**What to do:** In the entries that follow, find the line containing "Zanine-Imagn Images Sep"; from there, copy every line exactly through the line containing "Aerial view of".

[Supplied data — start]

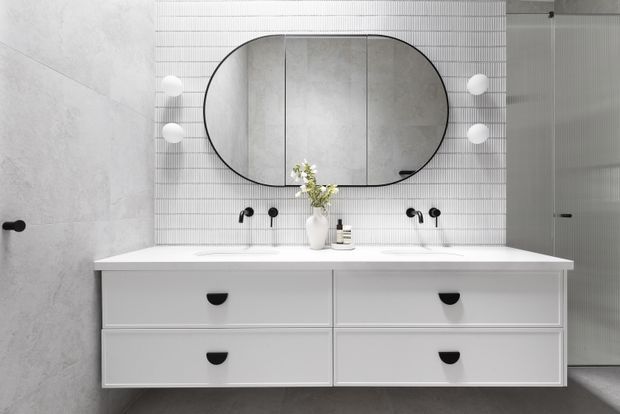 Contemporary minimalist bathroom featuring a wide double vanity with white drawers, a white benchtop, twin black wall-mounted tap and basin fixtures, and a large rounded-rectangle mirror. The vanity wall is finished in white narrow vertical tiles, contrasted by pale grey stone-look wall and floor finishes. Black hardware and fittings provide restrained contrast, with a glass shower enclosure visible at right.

[Supplied data — finish]
[Supplied data — start]

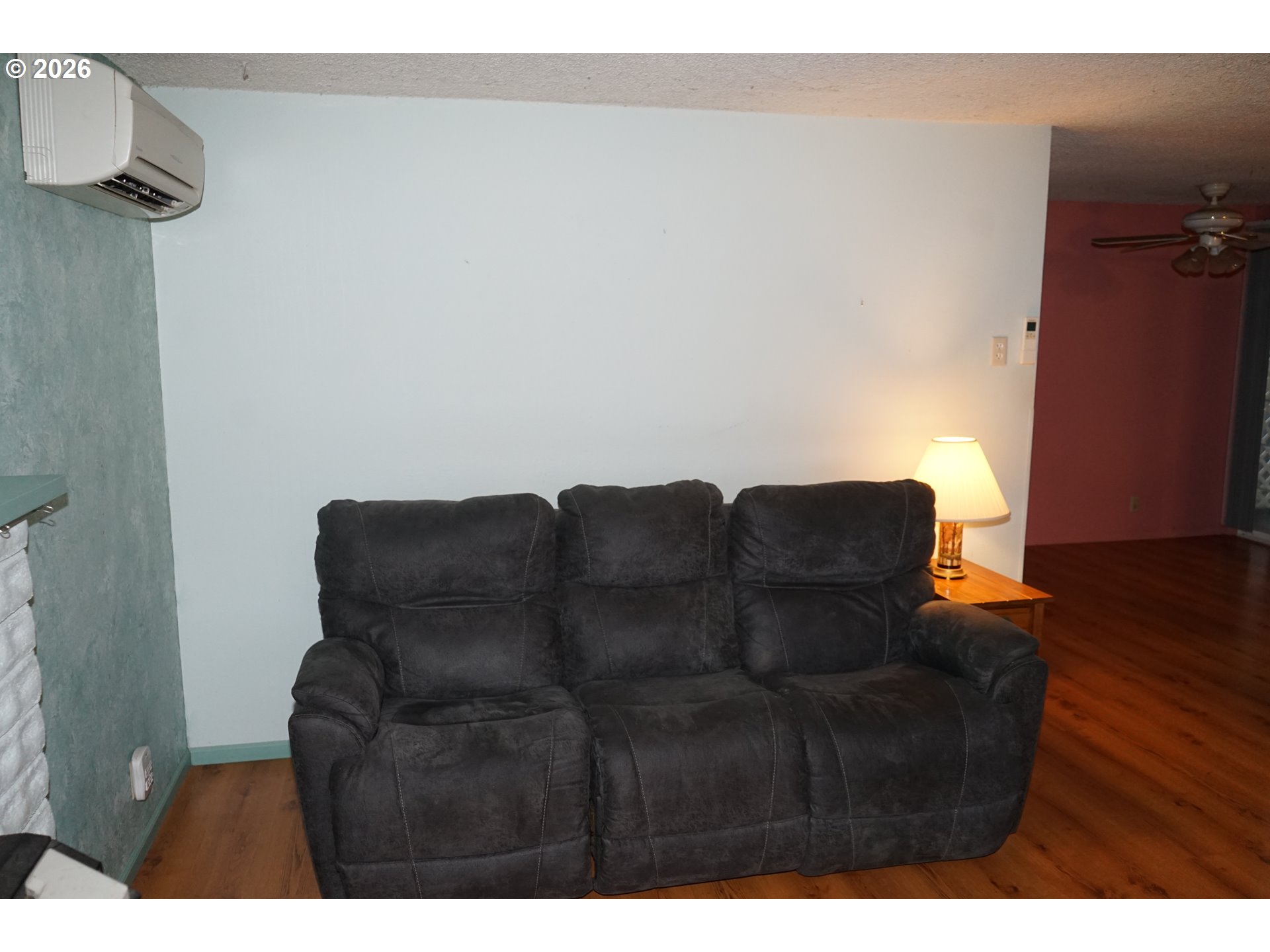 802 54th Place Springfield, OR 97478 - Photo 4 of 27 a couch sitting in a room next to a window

[Supplied data — finish]
[Supplied data — start]

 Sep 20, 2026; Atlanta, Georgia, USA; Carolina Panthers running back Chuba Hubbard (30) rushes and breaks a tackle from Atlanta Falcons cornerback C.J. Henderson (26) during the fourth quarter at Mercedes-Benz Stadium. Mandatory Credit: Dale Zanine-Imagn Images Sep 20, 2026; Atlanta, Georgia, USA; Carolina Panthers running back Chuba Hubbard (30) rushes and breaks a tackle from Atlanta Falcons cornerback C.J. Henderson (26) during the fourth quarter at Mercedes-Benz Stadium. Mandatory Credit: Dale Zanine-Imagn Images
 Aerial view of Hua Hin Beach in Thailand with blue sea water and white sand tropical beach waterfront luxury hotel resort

[Supplied data — finish]

**Exercise result:**
 Sep 20, 2026; Atlanta, Georgia, USA; Carolina Panthers running back Chuba Hubbard (30) rushes and breaks a tackle from Atlanta Falcons cornerback C.J. Henderson (26) during the fourth quarter at Mercedes-Benz Stadium. Mandatory Credit: Dale Zanine-Imagn Images Sep 20, 2026; Atlanta, Georgia, USA; Carolina Panthers running back Chuba Hubbard (30) rushes and breaks a tackle from Atlanta Falcons cornerback C.J. Henderson (26) during the fourth quarter at Mercedes-Benz Stadium. Mandatory Credit: Dale Zanine-Imagn Images
 Aerial view of Hua Hin Beach in Thailand with blue sea water and white sand tropical beach waterfront luxury hotel resort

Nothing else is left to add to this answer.